If during the term of this Agreement, Officer's employment shall be
terminated by Officer for Good Reason (other than in connection with a Change in
Control as provided in Section 5(g)), Officer shall receive the payments and
benefits described in Section 5(d).
(f) RESIGNATION. If during the term of this Agreement, Officer
shall resign other than for Good Reason,
(i) all of his rights to payment or benefits hereunder
shall immediately terminate; provided, however, that the termination of
Officer's employment pursuant to this Section 5(f) shall not affect
Officer's entitlement to all benefits in which he has become vested or
which are otherwise payable in respect of periods ending prior to his
termination of employment,
(ii) any unvested options shall expire immediately and
11
(A) any vested portion of the Option, the
Performance Option or any option granted to Officer after the
Effective Date shall remain exercisable until the earlier of
three (3) months following the Termination Date or their
full-term expiration, and
(B) all vested options granted to Officer prior to
the Effective Date shall remain exercisable until the earlier of
twelve (12) months following the Termination Date or their
full-term expiration,
(iii) to the full extent permitted by law, so long as
Employer (or a successor) maintains directors' and officers' liability
insurance for its executives or directors, Employer shall continue to
provide Officer following the Termination Date with directors' and
officers' liability insurance insuring Officer against insurable events
which occur or have occurred while Officer was a director or officer of
Employer or an affiliate or a fiduciary of an employee benefit plan of
any of the foregoing, such insurance to have policy limits aggregating
not less than the amount in effect immediately prior to the Termination
Date or, if higher, that provided to other officers or directors.

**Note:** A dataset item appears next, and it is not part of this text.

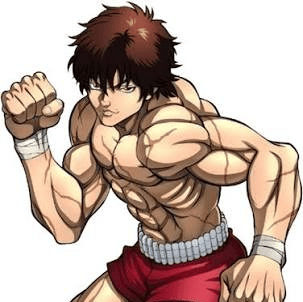 Baki Hanma AI Voice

In
addition, Officer's Rights of Indemnification shall continue, and
(iv) Officer shall be entitled to his Accrued Amounts.
(g) CHANGE IN CONTROL. During the term of this Agreement, if
within two (2) years after a Change in Control Officer's employment is
terminated (x) by Employer other than for Cause or Disability or (y) by Officer
for Good Reason, then:
(i) Employer shall pay Officer in a single severance
payment as soon as practicable after the Termination Date, but in no
event later than thirty (30) days thereafter, an amount in cash equal to
three (3) times the sum of (A) Base Salary and (B) the higher of target
Annual Bonus as in effect on the Termination Date or target bonus at the
time of Change in Control,
(ii) Employer shall pay Officer an amount equal to
Officer's Annual Bonus, pro rated from January 1 of the year in which
the termination occurs through the Termination Date, based on Employer's
actual performance for such year, payable at such time or times when
Employer pays such bonuses to its executives,
(iii) Any unvested stock options and other equity grants,
other than the Performance Option, shall become immediately and fully
vested and any vested options (including the Performance Option) shall
remain exercisable until the earlier of twelve (12) months following the
Termination Date or their full-term expiration,
(iv) All amounts, including any earnings, credited to
Officer's Account under the Deferred Compensation Plan shall immediately
become vested and nonforfeitable; provided, however, that if Officer's
Termination Date occurs prior to January 1, 2003, Employer shall credit
the Deferred Compensation Credit to Officer's Account. The amounts in
Officer's Account shall be payable to Officer in accordance with
Officer's distribution election under the Deferred Compensation Plan,
12
(v) For a period of three (3) years following the
Termination Date, Employer shall provide Officer and Officer's eligible
family members with continued health and welfare benefits at Employer's
expense, with the benefits substantially equivalent to the life,
disability, and medical insurance policies which were being provided to
Officer and his eligible family members immediately prior to the
Termination Date but only to the extent that Officer is not entitled to
comparable benefits from other employment,
(vi) To the full extent permitted by law, so long as
Employer (or a successor) maintains directors' and officers' liability
insurance for its executives or directors, Employer shall continue to
provide Officer following the Termination Date with directors' and
officers' liability insurance insuring Officer against insurable events
which occur or have occurred while Officer was a director or officer of
Employer or an affiliate or a fiduciary of an employee benefit plan of
any of the foregoing, such insurance to have policy limits aggregating
not less than the amount in effect immediately prior to the Termination
Date or, if higher, that provided to other officers or directors. In
addition, Officer's Rights of Indemnification shall continue, and
(vii) Officer shall be entitled to his Accrued Amounts.
Notwithstanding anything contained herein, if a Change in Control occurs
and Officer's employment with Employer is terminated other than for Cause or
Disability or a Good Reason event occurs prior to the Change in Control, and if
such termination of employment or event was at the request, suggestion or
initiative of a third party who has taken steps reasonably calculated to effect
the Change in Control, then Officer upon occurrence of the Change in Control
shall be entitled to receive the payments and benefits set forth in this Section
5(g), in lieu of the payments and benefits set forth in Section 5(d).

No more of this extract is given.